A Guide To Callbacks & Metrics in Tune

How to work with Callbacks?

Ray Tune supports callbacks that are called during various times of the training process. Callbacks can be passed as a parameter to tune.run(), and the sub-method you provide will be invoked automatically.

This simple callback just prints a metric each time a result is received:

from ray import tune
from ray.tune import Callback


class MyCallback(Callback):
    def on_trial_result(self, iteration, trials, trial, result, **info):
        print(f"Got result: {result['metric']}")


def train(config):
    for i in range(10):
        tune.report(metric=i)


tune.run(
    train,
    callbacks=[MyCallback()])

For more details and available hooks, please see the API docs for Ray Tune callbacks.

How to use log metrics in Tune?

You can log arbitrary values and metrics in both Function and Class training APIs:

def trainable(config):
    for i in range(num_epochs):
        ...
        tune.report(acc=accuracy, metric_foo=random_metric_1, bar=metric_2)

class Trainable(tune.Trainable):
    def step(self):
        ...
        # don't call report here!
        return dict(acc=accuracy, metric_foo=random_metric_1, bar=metric_2)

Tip

Note that tune.report() is not meant to transfer large amounts of data, like models or datasets. Doing so can incur large overheads and slow down your Tune run significantly.

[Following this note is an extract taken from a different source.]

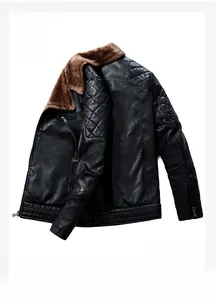 Détail d'une veste homme en cuir PU noir avec col en fausse fourrure brune et matelassage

Which metrics get automatically filled in?

Tune has the concept of auto-filled metrics. During training, Tune will automatically log the below metrics in addition to any user-provided values. All of these can be used as stopping conditions or passed as a parameter to Trial Schedulers/Search Algorithms.

  • config: The hyperparameter configuration

  • date: String-formatted date and time when the result was processed

  • done: True if the trial has been finished, False otherwise

  • episodes_total: Total number of episodes (for RLlib trainables)

  • experiment_id: Unique experiment ID

  • experiment_tag: Unique experiment tag (includes parameter values)

  • hostname: Hostname of the worker

  • iterations_since_restore: The number of times tune.report()/trainable.train() has been called after restoring the worker from a checkpoint

  • node_ip: Host IP of the worker

  • pid: Process ID (PID) of the worker process

  • time_since_restore: Time in seconds since restoring from a checkpoint.

  • time_this_iter_s: Runtime of the current training iteration in seconds (i.e. one call to the trainable function or to _train() in the class API.

  • time_total_s: Total runtime in seconds.

  • timestamp: Timestamp when the result was processed

  • timesteps_since_restore: Number of timesteps since restoring from a checkpoint

  • timesteps_total: Total number of timesteps

  • training_iteration: The number of times tune.report() has been called

  • trial_id: Unique trial ID

All of these metrics can be seen in the Trial.last_result dictionary.